Oct. 12--When it comes to fostering economic growth in Fairfield County, there needs to be a partnership between public officials, quasi-public agencies and private developers.
That was the main theme of a luncheon yesterday at the Woodway Country Club in Darien, sponsored by Wittek Development and Rugby Realty Co., developers of a $250 million train station and mixed-use commercial complex in Fairfield.
The Fairfield Metro Center, scheduled to open in 2008, will include a train station, retail pavilion, fitness center, 180-room Hilton hotel, restaurants and 800,000- square-feet of commercial office space. The two developers, jointly known as Blackrock Realty LLC, hosted the event in part to drum up support for the project and also to promote their concept that economic growth in Connecticut can only be accomplished through collaboration.
The 100 attendees included local government officials, corporate leaders, commercial real estate brokers, developers and quasi-public housing and economic agencies.
These groups need to start a dialogue and begin strategically thinking about the type of development that will promote growth in the region, said Kurt Wittek, president of Westport-based Wittek Development. "This area is not growing," Wittek said. "A recent study by the Federal Reserve had Connecticut last in the country in terms of job growth." Transportation and infrastructure problems, coupled with high housing costs, are driving companies out, he said.
Stamford, once a magnet for corporations, is now losing them, he said. And the last speculative office building constructed in Stamford was in 1990. "Clearly Stamford is not looked upon today as the desirable place to be as it once was," Wittek said.
Even the Royal Bank of Scotland's recent decision to move to Stamford had more to do with its competition with Swiss rival UBS than it did about Stamford's desirability, Wittek said. RBS plans to locate its U.S. headquarters across the street from the U.S. home of UBS Investment Bank. To counter these problems, Fairfield County should focus on what's known in the industry as "smart development" -- development that makes life more livable for people, Wittek said.

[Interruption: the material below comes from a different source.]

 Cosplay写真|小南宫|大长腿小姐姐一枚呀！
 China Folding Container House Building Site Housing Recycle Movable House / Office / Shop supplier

That means bringing transportation, commercial space, housing and retail right to where people already live and work.
He points to Greenwich Plaza and Stamford Metro Center -- complexes similar to Blackrock's Fairfield Metro Center in their location next to major railroad stations -- as examples.
"In good markets and bad, these properties have high rates and high occupancy," he said.
But U.S. Rep. Christopher Shays, R-Bridgeport, who also spoke to the group, said that Fairfield County is still desirable and RBS chose Stamford because of that.
"They came to Stamford for market reasons. They are literally right next door to the railroad station," said Shays.
Shays said he is supportive of smart development. "We want people to live where they work ? We want the transit to take people right where they work," said Shays who encouraged the audience to embrace the idea of more cooperation "It's one coast, it is one future," Shays said. "There are such great possibilities. We are not in conflict with each other." Also speaking at the event yesterday were Christopher Bruhl, president and chief executive officer of the Stamford-based Business Council of Fairfield County, and Udaya Patnaik of Jump Associates, a consultancy that helps entities identify growth opportunities.